L44009 Feuerwehr Wien;
10/01 Bundes-Verfassungsgesetz (B-VG);
40/01 Verwaltungsverfahren;
90/01 Straßenverkehrsordnung;

Norm

AVG §67a Abs1 Z2;
B-VG Art129a Abs1 Z2;
FeuerwehrG Wr 1957 §1 Abs2;
StVO 1960 §89a;
StVO 1960 §91 Abs1;

Betreff

Der Verwaltungsgerichtshof hat durch den Vorsitzenden Senatspräsident Dr. Stoll sowie Senatspräsident Dr. Kremla und die Hofräte Dr. Riedinger, Dr. Holeschofsky und Dr. Beck als Richter, im Beisein des Schriftführers Dr. Martschin, über die Beschwerde des Dr. JK in S, vertreten durch Dr. Rudolf Gürtler und Mag. Erich Rebasso, Rechtsanwälte in Wien 1., Seilergasse 3, gegen den Unabhängigen Verwaltungssenat Wien wegen Verletzung der Entscheidungspflicht in Angelegenheit Beschwerde wegen Ausübung unmittelbarer verwaltungsbehördlicher Befehls- und Zwangsgewalt gemäß § 42 Abs. 4 VwGG in Verbindung mit § 67c Abs. 3 AVG, zu Recht erkannt:

Spruch

Die an den Unabhängigen Verwaltungssenat Wien gerichtete Beschwerde, mit der beantragt wurde, die durch Organe des Magistrates der Stadt Wien am 13. März 1995 erfolgte Amtshandlung, welche darin bestand, dass das Gartentor zur Liegenschaft W, gewaltsam geöffnet wurde und in der Folge vier dort befindliche Bäume umgeschnitten wurden, wobei auch der diese Liegenschaft vom öffentlichen Weg trennende Zaun beschädigt wurde, für rechtswidrig zu erklären, wird als unbegründet abgewiesen.

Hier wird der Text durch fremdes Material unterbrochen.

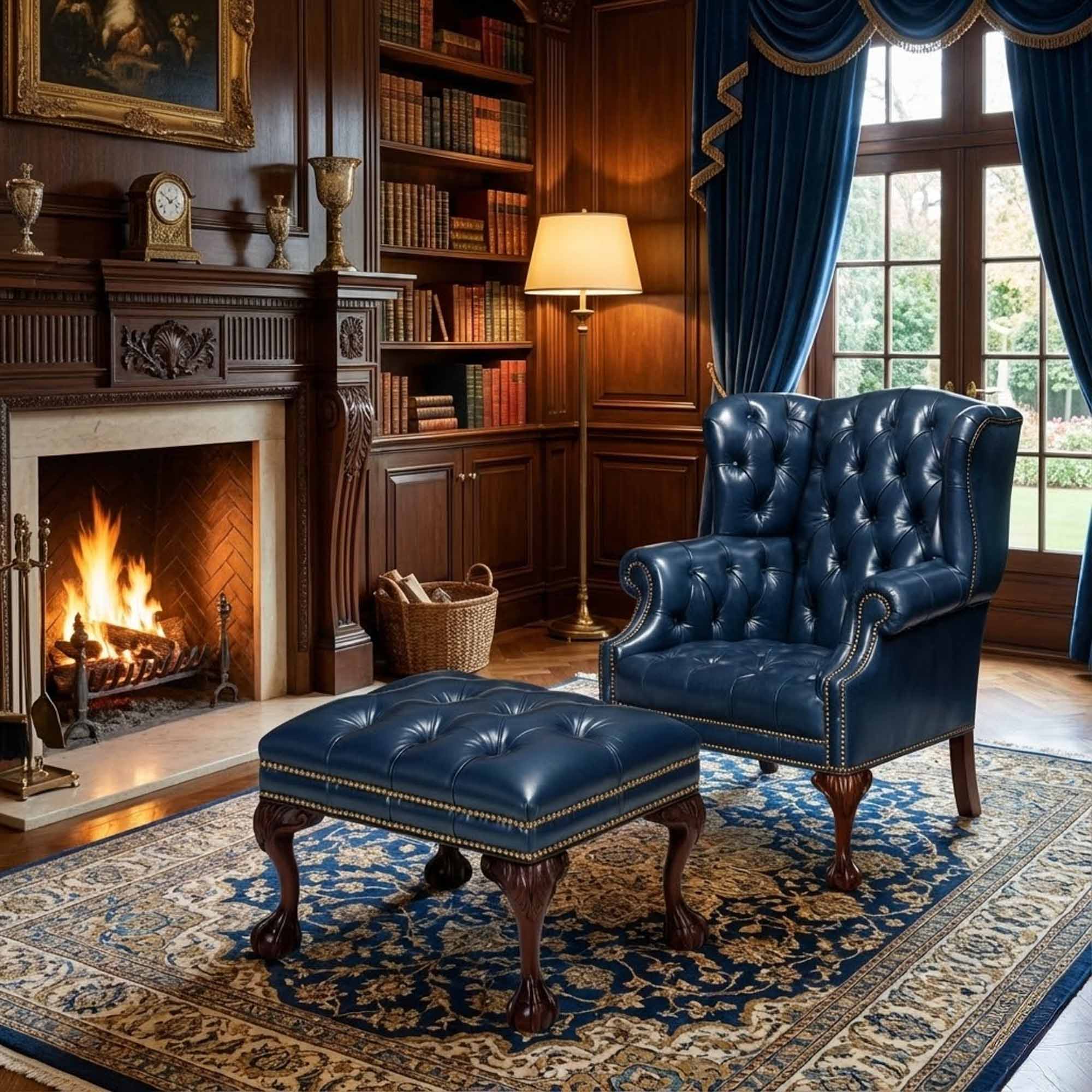Lake Norman Leather Wing Chair - Image 8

Die Bundeshauptstadt Wien hat dem Beschwerdeführer Aufwendungen des verwaltungsgerichtlichen Verfahrens in der Höhe von S 9.375,-- binnen zwei Wochen bei sonstiger Exekution zu ersetzen.

Begründung

Mit Schriftsatz vom 13. Februar 1997 erhob der Beschwerdeführer die vorliegende Säumnisbeschwerde mit der Behauptung, dass die belangte Behörde über die an diese mit Schriftsatz vom 24. April 1995 gerichtete, oben (im Spruch) dargestellte "Maßnahmebeschwerde" bisher nicht entschieden habe.

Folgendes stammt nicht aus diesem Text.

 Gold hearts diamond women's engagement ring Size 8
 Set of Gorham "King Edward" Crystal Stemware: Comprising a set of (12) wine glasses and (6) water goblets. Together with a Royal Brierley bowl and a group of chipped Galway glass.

Die belangte Behörde legte über Aufforderung des Verwaltungsgerichtshofes die Akten des Verwaltungsverfahrens vor, ohne dem Beschwerdevorbringen entgegenzutreten, dass eine Verletzung der Entscheidungspflicht vorliege.

Der Verwaltungsgerichtshof geht von der Zulässigkeit der vorliegenden Säumnisbeschwerde aus; es ist daher in ihre meritorische Behandlung einzugehen.

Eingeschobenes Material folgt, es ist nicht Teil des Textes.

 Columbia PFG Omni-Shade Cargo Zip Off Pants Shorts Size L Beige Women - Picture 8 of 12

Der Gerichtshof hat insoweit erwogen:

Unbestritten ist, dass die oben dargestellte Amtshandlung dem Magistrat der Stadt Wien (im Folgenden kurz: Magistrat) zuzurechnen ist, der im Verwaltungsverfahren dies (und deren Umfang) auch nicht bestritten hat. Strittig ist allein die Frage, ob diese als Ausübung unmittelbarer verwaltungsbehördlicher Befehls- und Zwangsgewalt (vgl. Art. 129a Abs. 1 Z. 2 B-VG und § 67a Abs. 1 Z. 2 AVG) zu wertende Amtshandlung einer Rechtsgrundlage entbehrte oder nicht.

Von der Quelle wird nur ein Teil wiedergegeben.